Let’s not forget relatively innocuous uses of zombies in fiction, such as Seth Graeme-Smith’s Pride and Prejudice and Zombies, a book that combines stuffy British literature with zombie fiction purely because the Jane Austen novel was public domain and, hey, people seem to like zombies. (It became a New York Times bestseller.)

Now, I can somewhat understand the interest behind zombies. They’re kind of creepy, kind of gross, and allow viewers to witness mind-numbing violence without empathy for the things being murdered. What I don’t understand is why it has become so ingrained in popular culture that anytime I browse the book section at HMV I’m not only likely to find books on Chuck Norris and picture books of Cats with hilarious captions, but products with zombies associated with them that seem only to mention zombies to make their product quirky and sell more copies.

Like jokes about Chuck Norris and those I Lyke Cheezburger Cats, zombies and the zombie apocalypse have become this meme whereby having any kind of interest in the undead makes the shopper somewhat more interesting than before.

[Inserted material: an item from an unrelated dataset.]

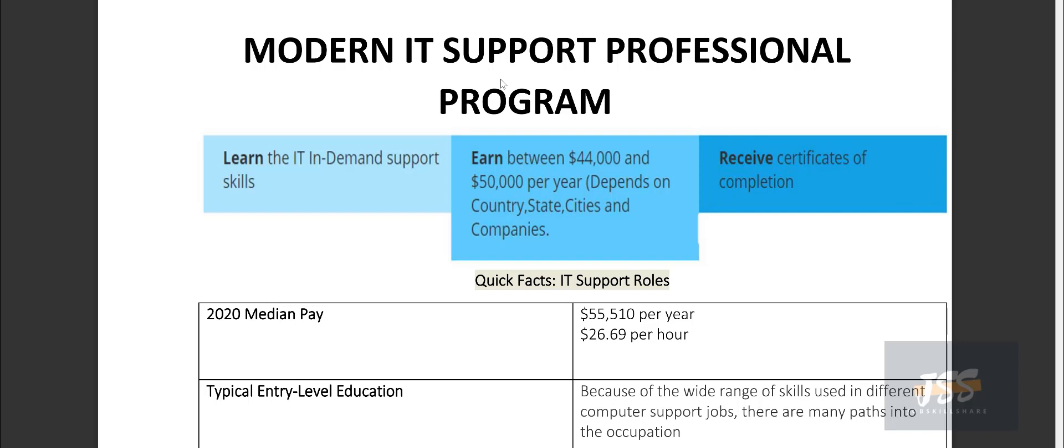This is not a new program. We have just made some tweaks to make it modern because technology is now moving towards modern technologies like cloud. And currently, a lot of companies are using hybrid infrastructure where you have systems like Active Directory on-premises and then you have Azure Active Directory in the cloud.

I think of the Kirkman collection that discusses a world without frivolous goods. I think of the people at AMC, a television channel that made its big break with a show about marketing schemes in the 1960s, releasing an otherwise redundant show about a zombie apocalypse. And then I think of George A. Romero and his Dawn of the Dead, a movie that was awesome because it had zombies in it, but more so because it was a nicely packaged social commentary on American shoppers.

I think about all this stuff and I wonder: Have we become the zombie shoppers in Dawn of the Dead, except we’re shopping for things about zombies?

I think about this paradox and begin to feel brain dead.